J. Parnell Thomas felt that Brecht was making fun of the committee and brought the processings to an end. One friend said that Brecht had clearly made the HUAC look very foolish. He said it was like a zoologist had been cross-examined by apes. However, Brecht was refused permission for Brecht to read his prepared statement. This would have included the following: "Being called before the Un-American Activities Committee, however, I feel free for the first time to say a few words about American matters: looking back at my experiences as a playwright and a poet in the Europe of the last two decades, I wish to say that the great American people would lose much and risk much if they allowed anybody to restrict free competition of ideas in cultural fields, or to interfere with art which must be free in order to be art. We are living in a dangerous world. Our state of civilization is such that mankind already is capable of becoming enormously wealthy but, as a whole, is still poverty-ridden. Great wars have been suffered, greater ones are imminent, we are told. One of them might well wipe out mankind, as a whole. We might be the last generation of the specimen man on this earth. The ideas about how to make use of the new capabilities of production have not been developed much since the days when the horse had to do what man could not do. Do you not think that, in such a predicament, every new idea should be examined carefully and freely? Art can present clear and even make nobler such ideas." (78)
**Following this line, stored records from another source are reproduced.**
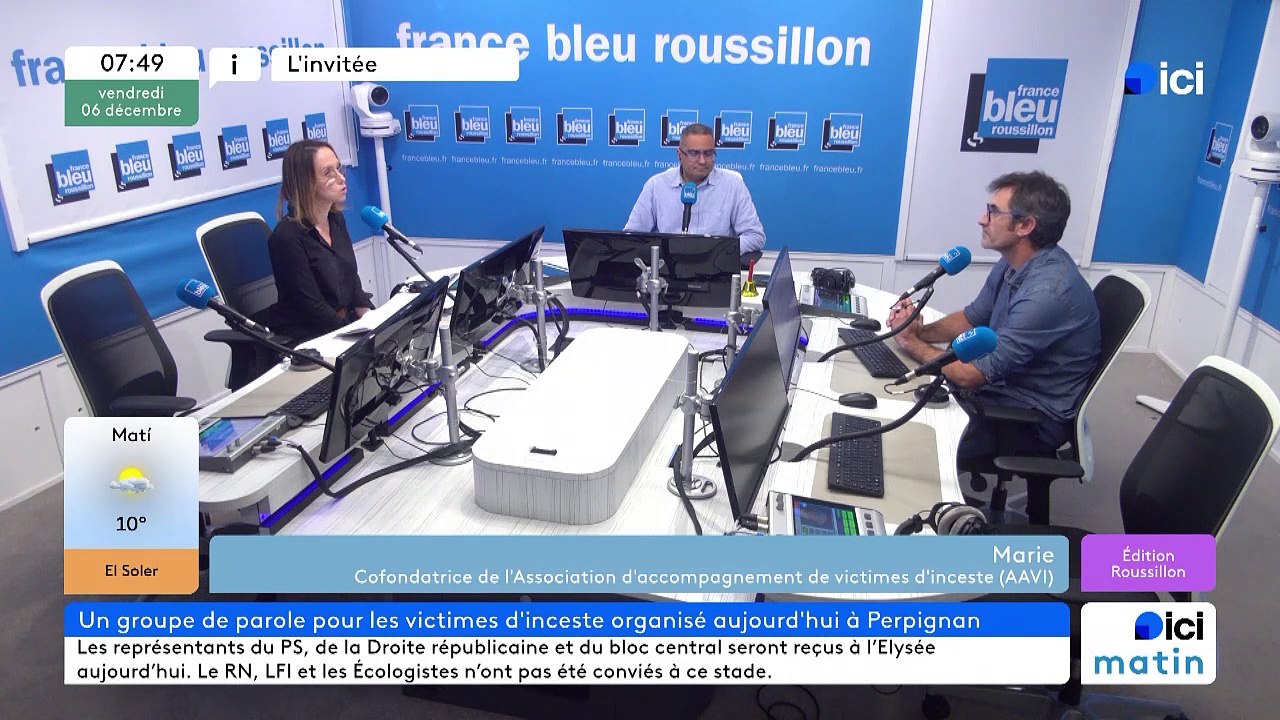 AAVI 66,  cette nouvelle association pour les victimes d'inceste dans les Pyrénées-Orientales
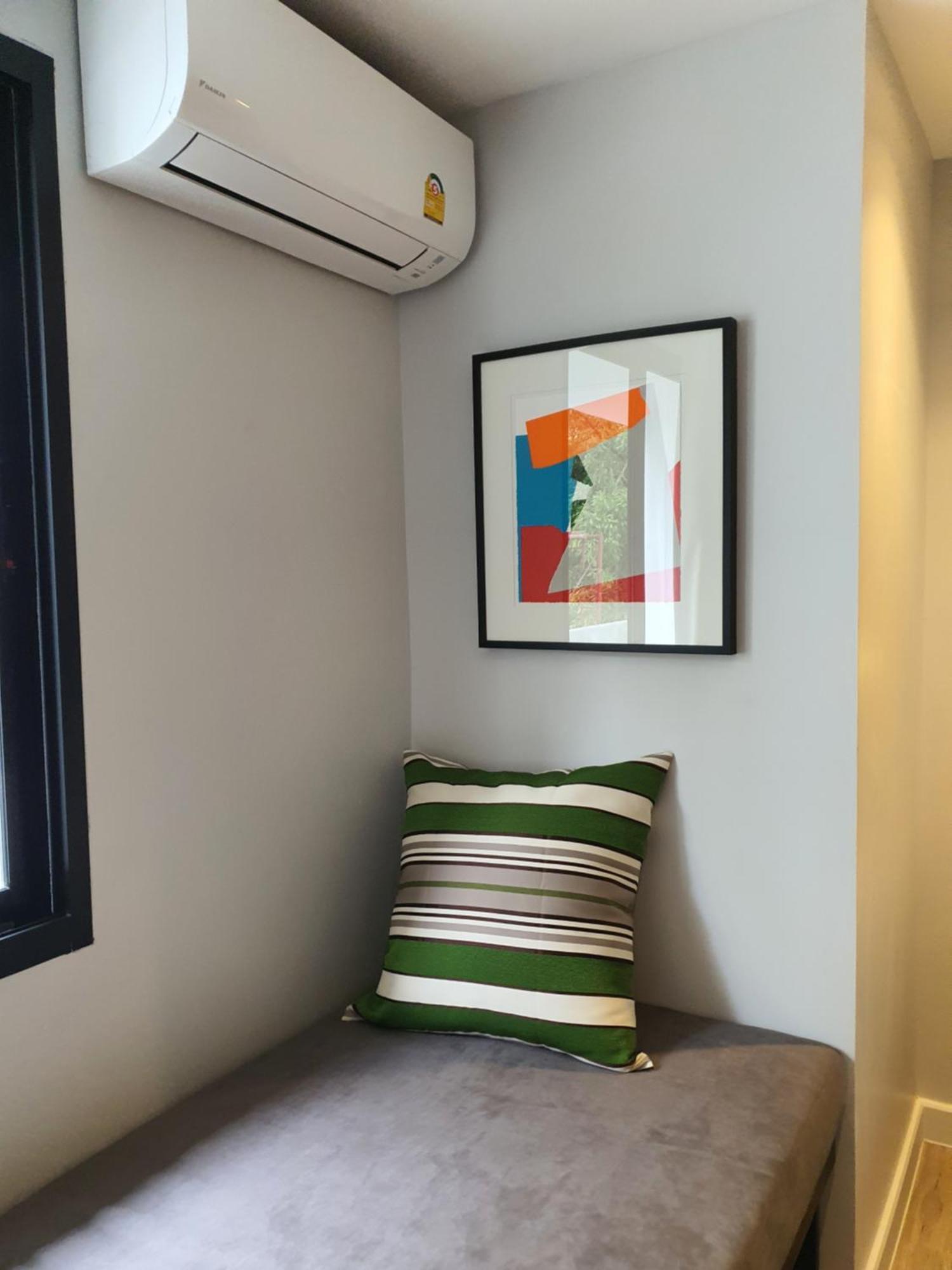 Roompini Bangkok Phòng bức ảnh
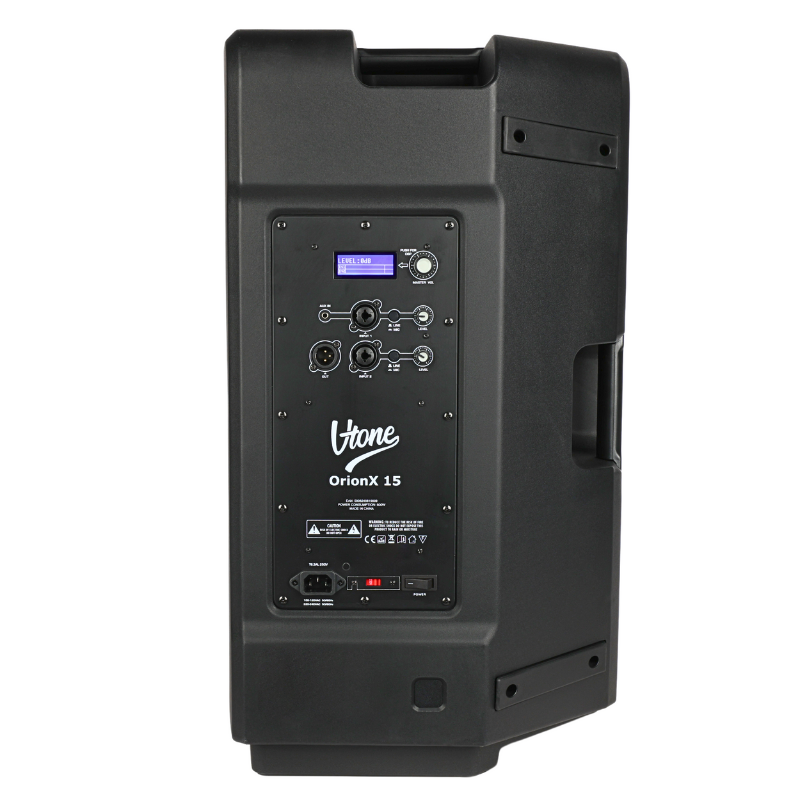 V-TONE OrionX 15" PA Højttaler med DSP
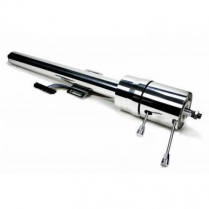 1973-77 Ford Pickup Tilt Steering Column w/o Shift - Black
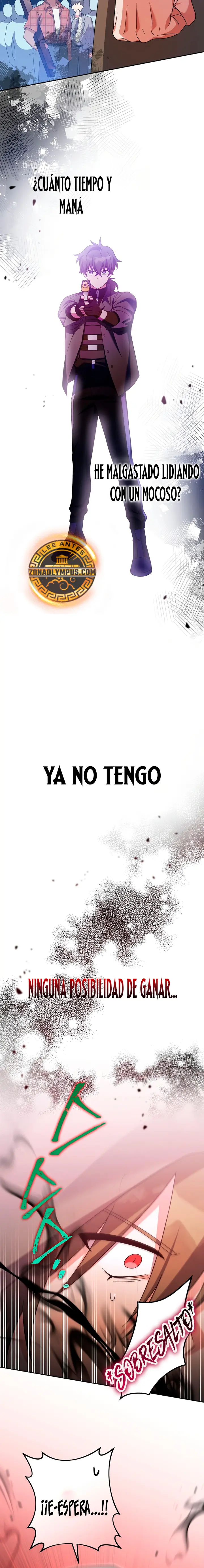 El extra de la novela (remake) Capítulo 117 - Página 17 en español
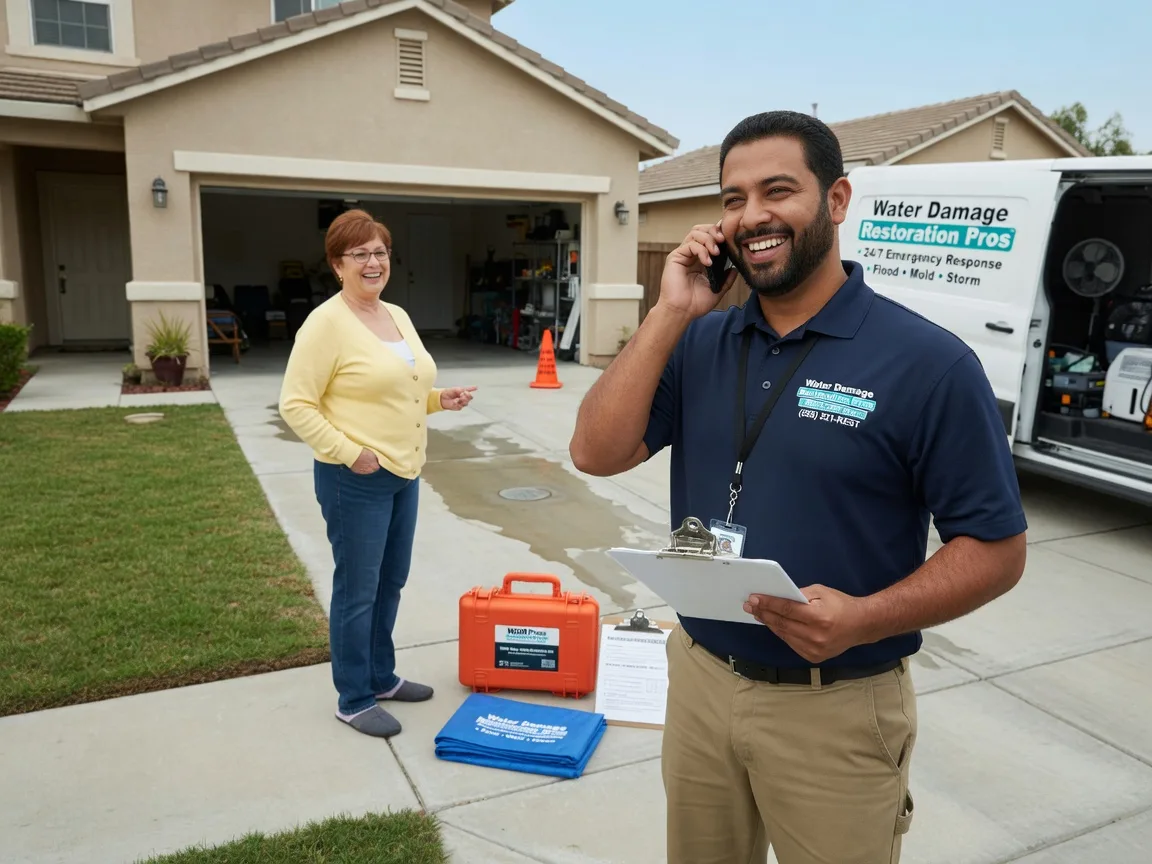 Water Damage Restoration Kersey, PA FAQs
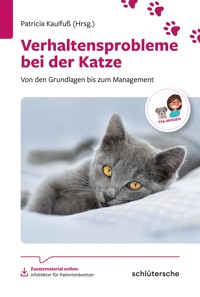 Verhaltensprobleme bei der Katze -  - ebook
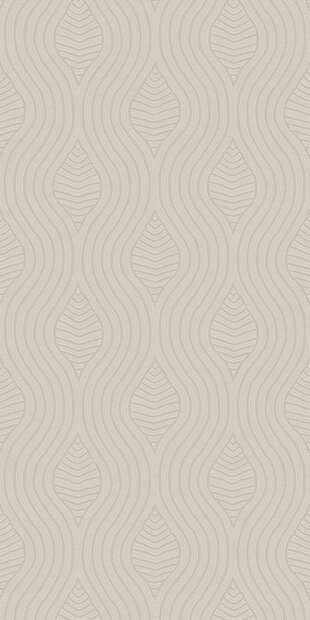 Casamance Broderies (*Incl. Gratis Lijm!) - Grijs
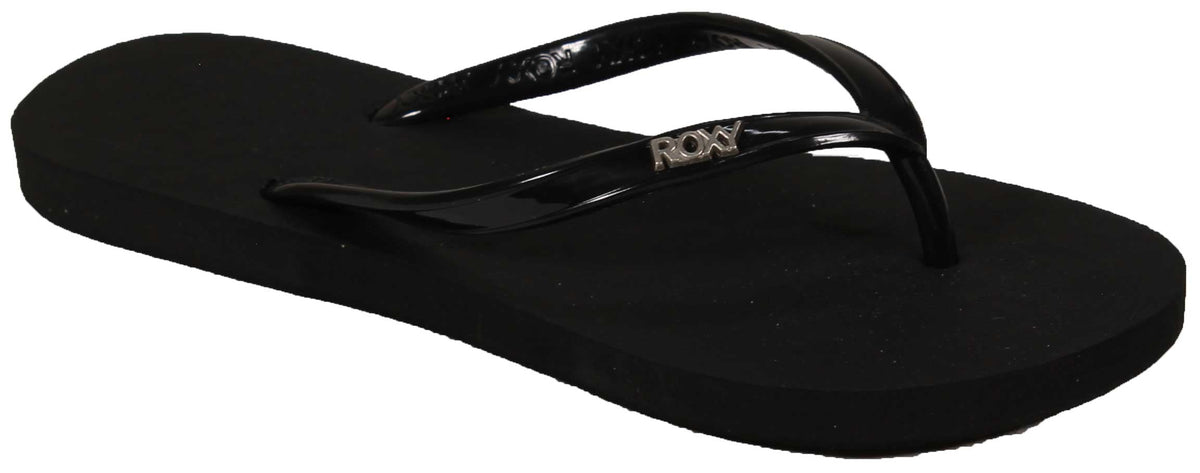 Roxy Girl's Viva Sandal - Black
Ring Lardner Jr, also gave evidence that morning before the HUAC. He later recalled: "He (Lardner) had already explained to us that he was so anxious to return to Germany he could not face the long delay of a contempt proceeding. For that reason he told the Committee that he had never joined any Communist Party and then proceeding to an assured, dignified defense of his work and his associations. It was a high-level performance, and we admired him for it, and the fact that the Committee abruptly suspended the hearings that afternoon indicated that they were not too happy with the reaction they were getting." (79)

Switzerland

Brecht had not told the complete truth about his political activities and so could have been arrested and charged with perjury and therefore decided to return to Europe. Brecht left the United States on 31st October, 1947. On arriving in France he had a meeting with Donald Ogden Stewart and his wife Ella Winter, two left-wing writers who were being persecuted in America as a result of McCarthyism. He also met with Anna Seghers, the anti-Nazi writer, who warned him against moving to East Germany, as she believed it would inhibit his ability to write political plays. (80)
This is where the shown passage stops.